_Task_
Leave the pictures out and print every record below exactly as it stands.

_Supplied material_
-=-=-

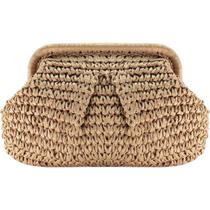 Bolsa Feminina De Palha Clutch Festa Alça Corrente Opcional - Lika Bijuterias Bolsa Feminina De Palha Clutch Festa Alça Corrente Opcional - Lika Bijuterias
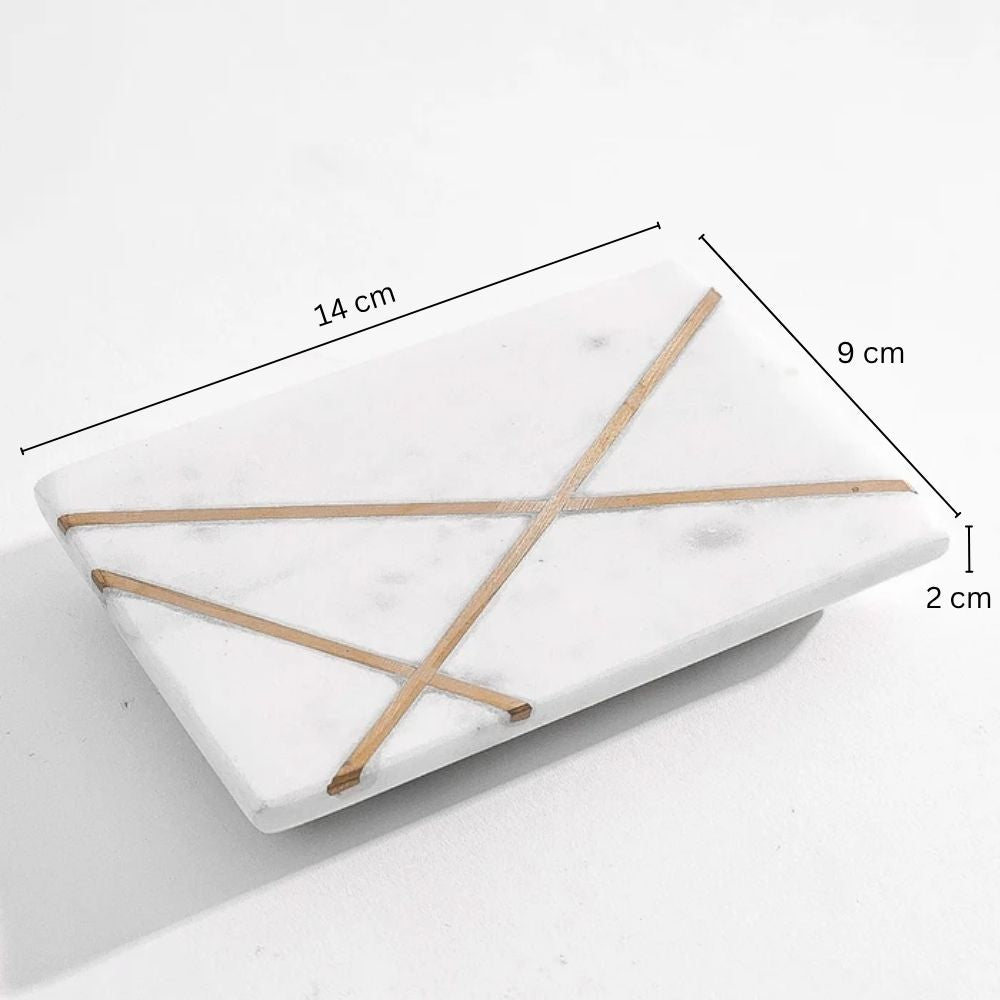 Aurum Marble Soap Dish - White Gold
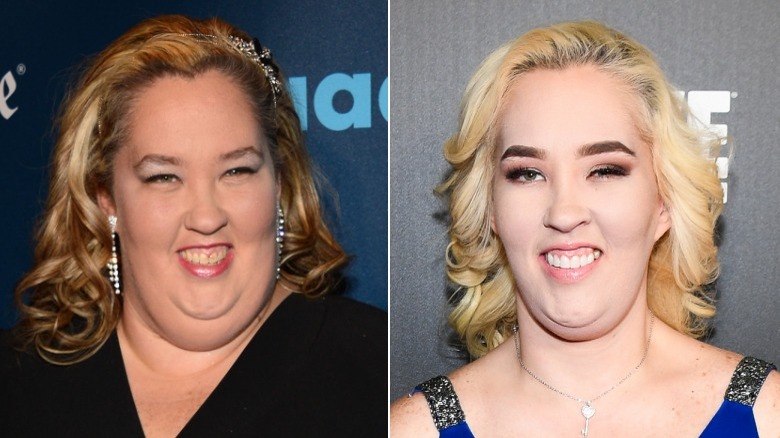 Split image of Mama June smiling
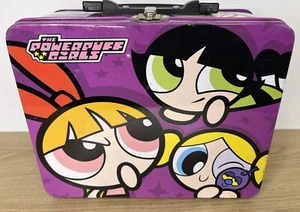 2000 Vintage THE POWERPUFF GIRLS metal lunch box case - Picture 1 of 4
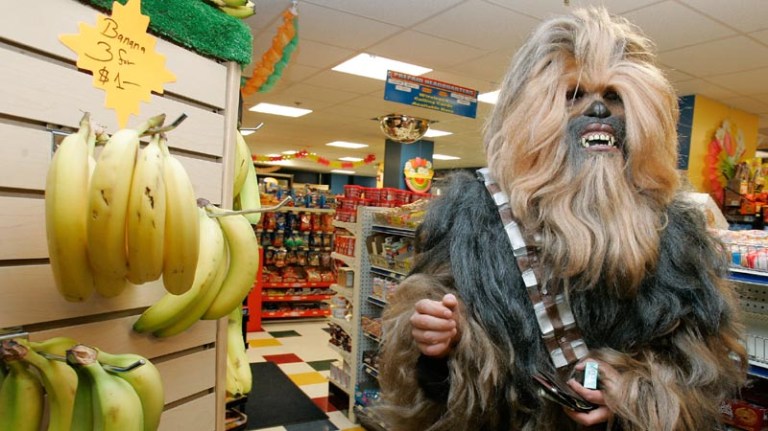 Vibrerende dildo-truse amputerte Chewbacca-imitator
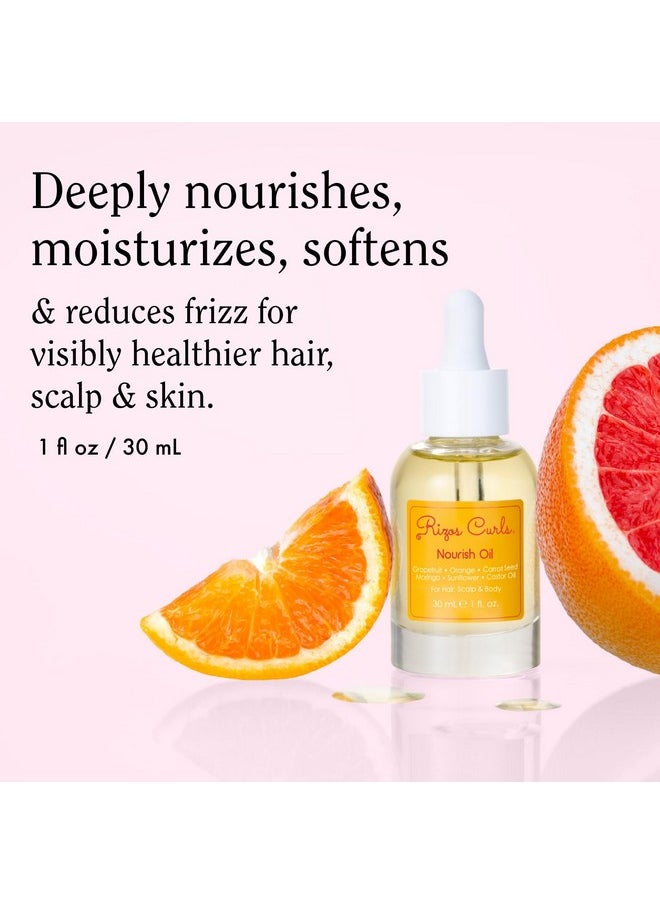 Rizos Curls Nourish Oil, Moisturize & Soften, Smooth & Shine for Frizz Free Hair, Lightweight and Quickly Absorbs, Improves Hair, Scalp & Skin with Vitamin C, For All Hair Types 1a - 4c, 1 oz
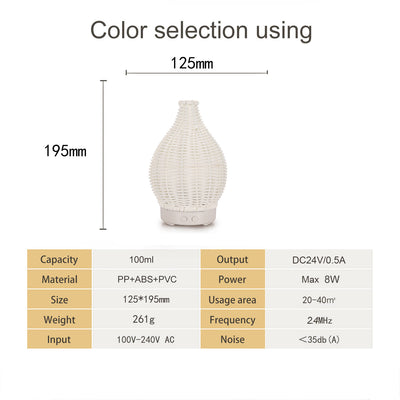 Mini ultrasonic aroma diffuser with a brown hollow rattan-style body and a white base, featuring control buttons. - Image 14
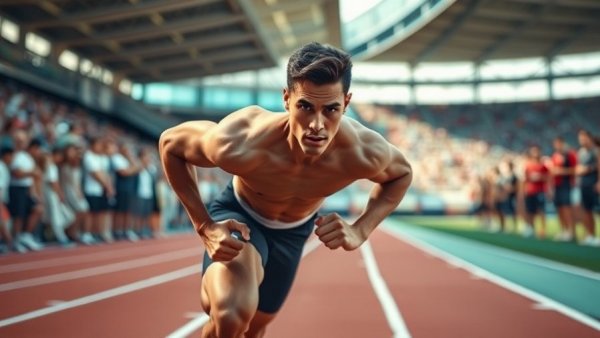 Letsile Tebogo 100m dash runner in intense sprint.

-=-=-

_Your solution_
 Bolsa Feminina De Palha Clutch Festa Alça Corrente Opcional - Lika Bijuterias Bolsa Feminina De Palha Clutch Festa Alça Corrente Opcional - Lika Bijuterias
 Aurum Marble Soap Dish - White Gold
 Split image of Mama June smiling
 2000 Vintage THE POWERPUFF GIRLS metal lunch box case - Picture 1 of 4
 Vibrerende dildo-truse amputerte Chewbacca-imitator
 Rizos Curls Nourish Oil, Moisturize & Soften, Smooth & Shine for Frizz Free Hair, Lightweight and Quickly Absorbs, Improves Hair, Scalp & Skin with Vitamin C, For All Hair Types 1a - 4c, 1 oz
 Mini ultrasonic aroma diffuser with a brown hollow rattan-style body and a white base, featuring control buttons. - Image 14
 Letsile Tebogo 100m dash runner in intense sprint.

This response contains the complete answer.